Each of the four mission types relies on who sends you into the field -- Charlie Cole, Kobin, Grim, and Briggs each assign you different goals with varied win/lose conditions.

Grim, for example, wants you to retrieve information without alerting a guard. That means instant-fail stealth, which is already frustrating without someone else to blow your cover. At the same time, accomplishing your goal perfectly, even if it is after an hour of trial and error, feels fantastic.

Briggs is the other Splinter Cell in the field with Sam. He’s essentially a palette swap for Sam, like Archer and Kestrel were in Conviction.

You can customize Briggs’ suit and loadout to the same degree as Sam (so yes, he can have pink or purple goggle lights, too.) Like Conviction, you and your co-op partner can roll into the field with wildly different gear.
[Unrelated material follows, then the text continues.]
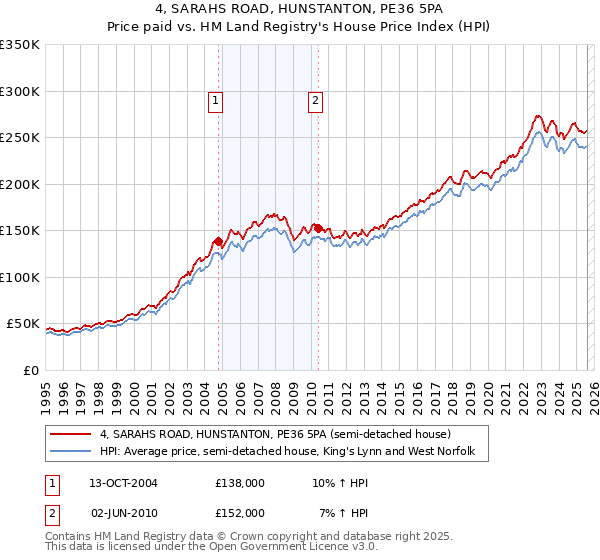 4, SARAHS ROAD, HUNSTANTON, PE36 5PA: Price paid vs HM Land Registry's House Price Index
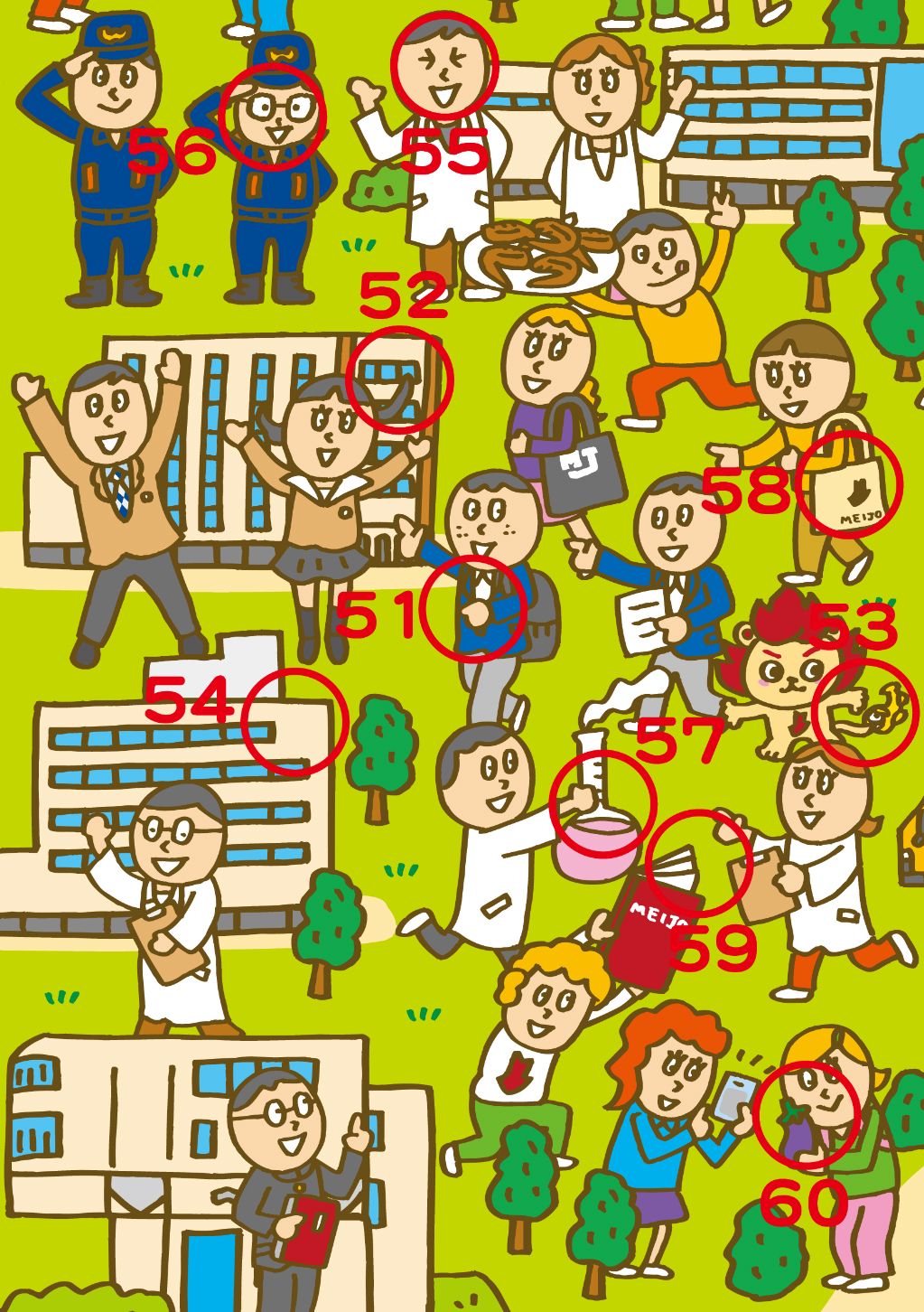 ステージ5のイラスト（まちがいの場所に赤丸と番号を付けた答え）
Let your individual play styles blossom and coordinate strikes using different gadgets and guns, if you decide to kill anyone at all.

Mark-and-execute functions differently in co-op than it does in Conviction or Blacklist's campaign -- guys with helmets might require a double-tap to the head, so you can both activate the auto-fire mode to take those shots together. Ah, teamwork.
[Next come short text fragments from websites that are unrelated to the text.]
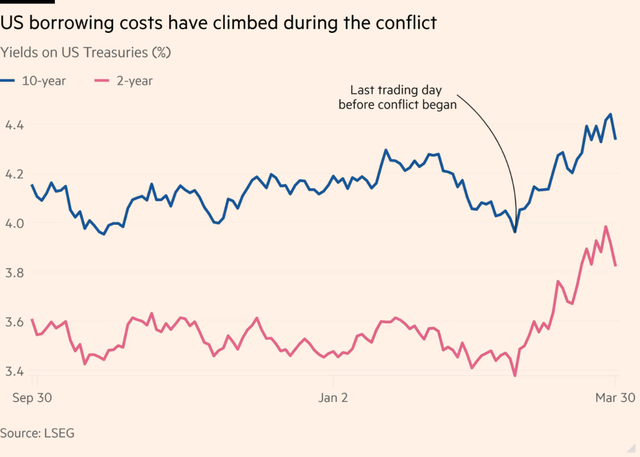 820亿美元出逃!美伊开战一月多国狂抛美债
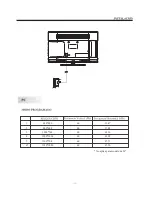 Preview for 33 page of Haier LE24M600M80 User Manual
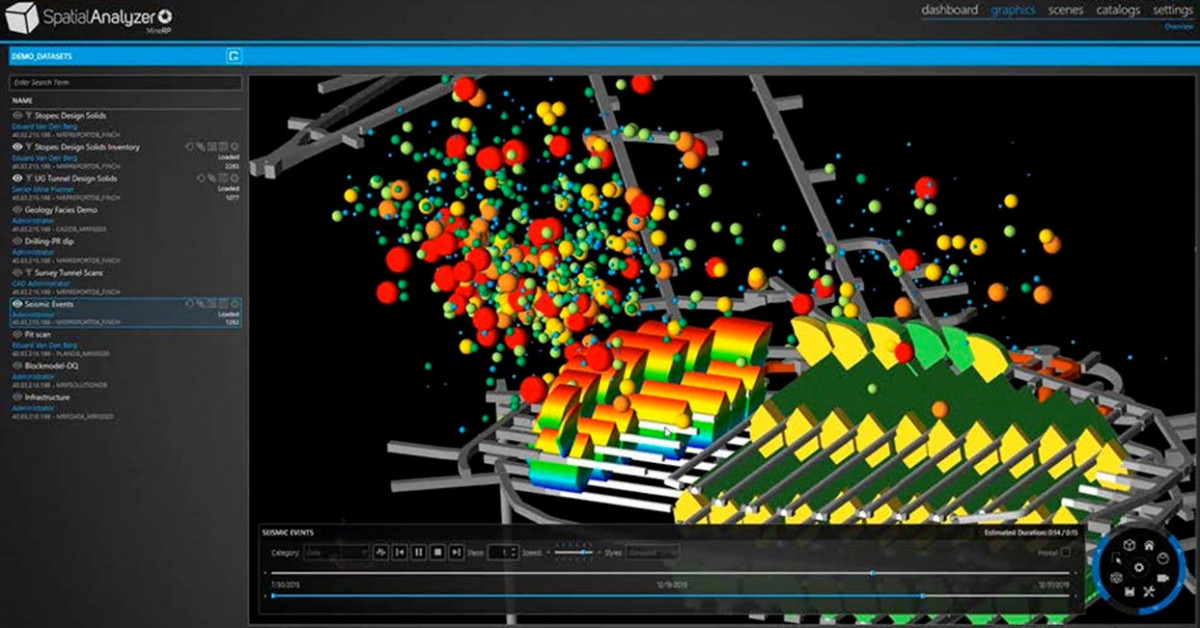 MineRP Enables Seamless Visualization of Complex Mining Data With HOOPS ...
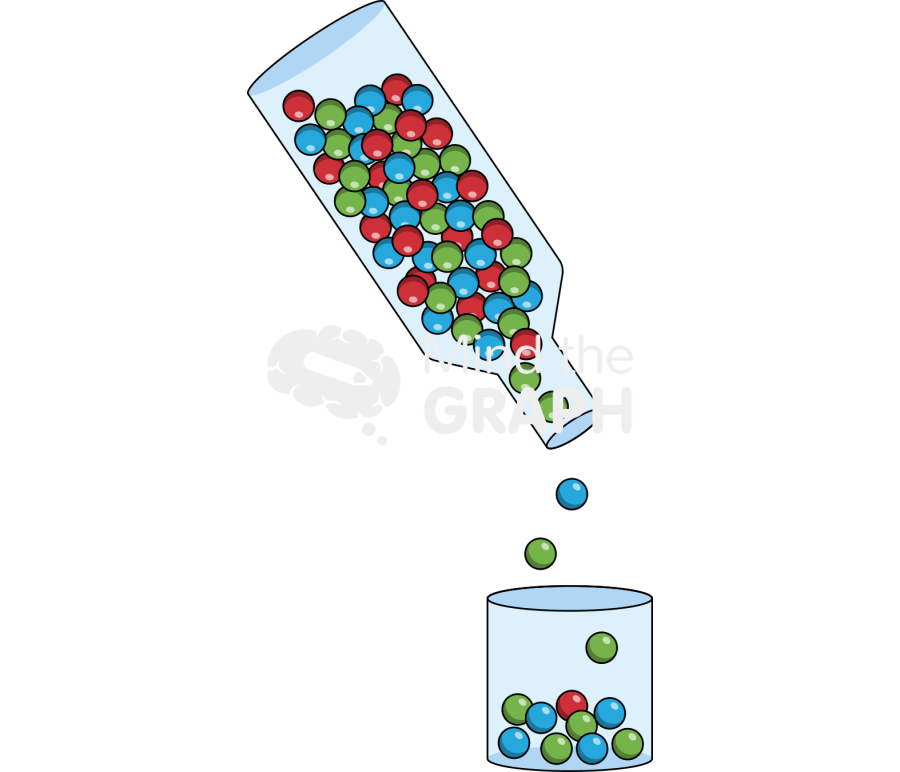 Genetic bottleneck drift bowl Icons, Symbols, Pictures, and Images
Like the campaign, some missions have (seemingly) unavoidable action sequences with tons of dudes using big, loud guns. One of the missions even ends with an on-foot escape sequence similar to Halo: Combat Evolved's finale.

Spies vs. Mercs returns as Splinter Cell’s competitive multiplayer mode. It’s basically hide-and-seek, but with guns, knives, gadgets, and murder, and it comes in two flavors: Classic and Blacklist. In Classic, a team of two spies infiltrates areas guarded by two mercenaries. Pandora Tomorrow and Chaos Theory fans know the drill: The spies try to hack information from control points, the mercs try to stop them. In Classic, the 2-on-2 combat creates a slow-paced tension that feels a lot like older Splinter Cell games.

In Blacklist, Spies vs. Mercs goes all out. Team sizes are doubled for a total of eight player. That gets loud and messy, but there are enough interesting variables amid the chaos to keep everyone on their toes, all the while creating a frantic, fun kind of stress on both sides.

Each team can customize their suits in Spies vs. Mercs Blacklist, similar to Sam Fisher in the campaign. If you’re an aggressive spy, equipping apparel that makes you stronger might be the better alternative to stealth boots you won’t benefit from.

Units also pack new skills and gadgets unique to their team. For example, spies can cloak, monitor enemies through walls, or send out explosive aerial drones if they select that particular gadget; mercs, meanwhile, can track their enemies with an Aliens-esque motion tracker, deploy anti-drone tech, or inject adrenaline to counteract incoming fire.

Spies thrive on instant-kill melee strikes, although they can pack effective guns. Mercs, meanwhile, have the range and armor advantage, but have grisly, borderline-uncomfortable execution animations if they get the drop on an unsuspecting spy. It's a great balance of power and handicap on both sides, which makes both sides fun to play.

Release Date: August 20, 2013
M for Mature:
Genre: Third-Person Action
Publisher: Ubisoft
Developer: Ubisoft Toronto

Gas grenades, EMPs, flashbangs, explosive mines, the sticky cam, resupply packs, and smoke bombs are extremely valuable tactical tools -- placing even one of 'em carefully could mean the difference between winning an intense, involving match, and rage-quitting.